It only works with Dos 2.1

so you made a damn good choice there :)

Reply to
philo

I remember upgrading my PC1 (original 5150) to DOS 2.1 when I added the hard drive and new system board with HD boot bios.

Reply to
gfretwell

I did a lot of experimenting.

Dos 1 floppies can only be read from a machine running Dos 1

and Dos 2 floppies can only be read from a machine running dos 2

Once Dos 3 came out, it could read any version of Dos above it and visa versa. The commands would not necessarily work but at least there was some level of compatibility.

Reply to
philo

Huh? That is not my experience. I was able to read and copy my DOS

1.0 diskettes with other versions. The last time I copied them it was in the DOS box of W/98. You do need a drive capable of reading 128k disks tho. All "real" IBM drives will do it. YMMV on a clone. You do have to be careful tho. You need to do a 'diskcopy" or you will end up with a disk that is formatted at whatever it was, typically 256k or 1.2m.

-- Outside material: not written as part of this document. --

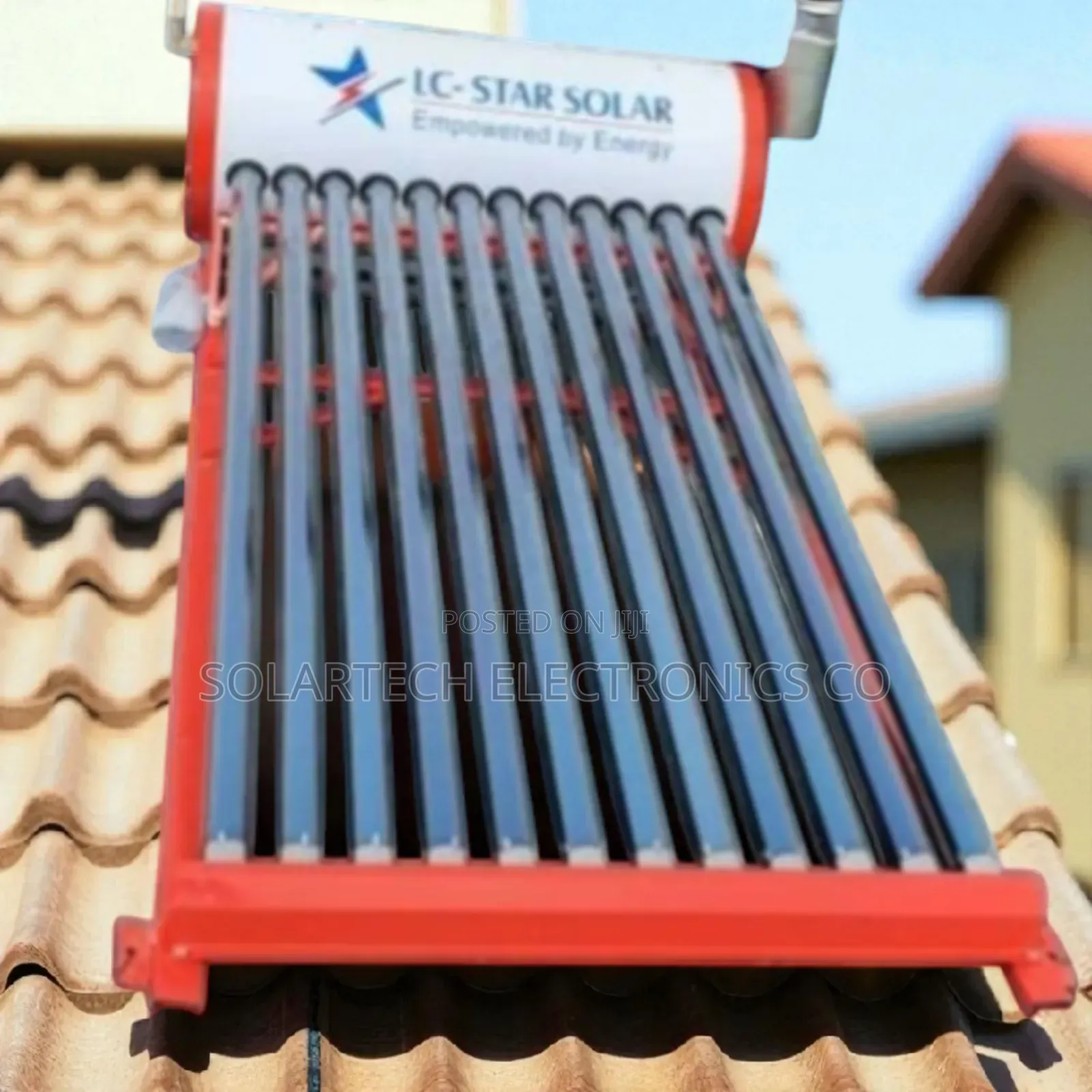 120 Litres German Tech Lc Star Solar Water Heater Keyh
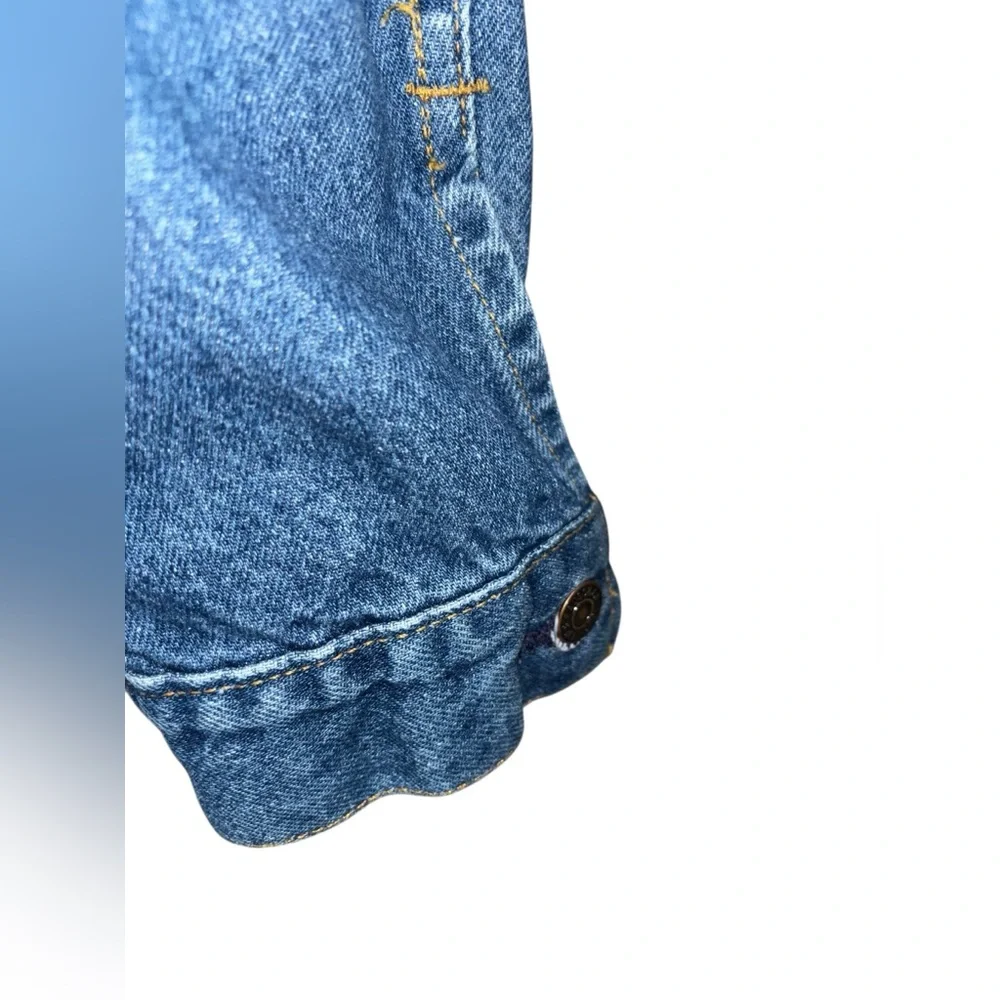 VTG 90s Levi’s Men’s Sz 48L‎ Trucker Denim Type III Jacket USA Made 71506 0216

You can't really make a 128k disk on 1.2m media tho. The oxide is different and it will not read on a 128k or 256k drive.
Reply to
gfretwell

I installed literally thousands of 5150's when I worked IT for a former Fortune 500 company. The scientists in the Research Labs got them first, then management, then the 5150's replaced the hundreds of Radio Shack TRS-80's that we had installed for the secretaries a few years earlier.

Every 5150 had to have an IBM-3270 terminal emulator board installed so employees could connect to the mainframe. It was interesting to watch some employees use them as nothing more than glorified terminals while other's took full advantage of the "computing power" at their fingertips.

Reply to
DerbyDad03

We used to punch index holes in the B-side of 5" and 8" floppies to use them as dual-sided floppies long before dual-sided was an industry standard.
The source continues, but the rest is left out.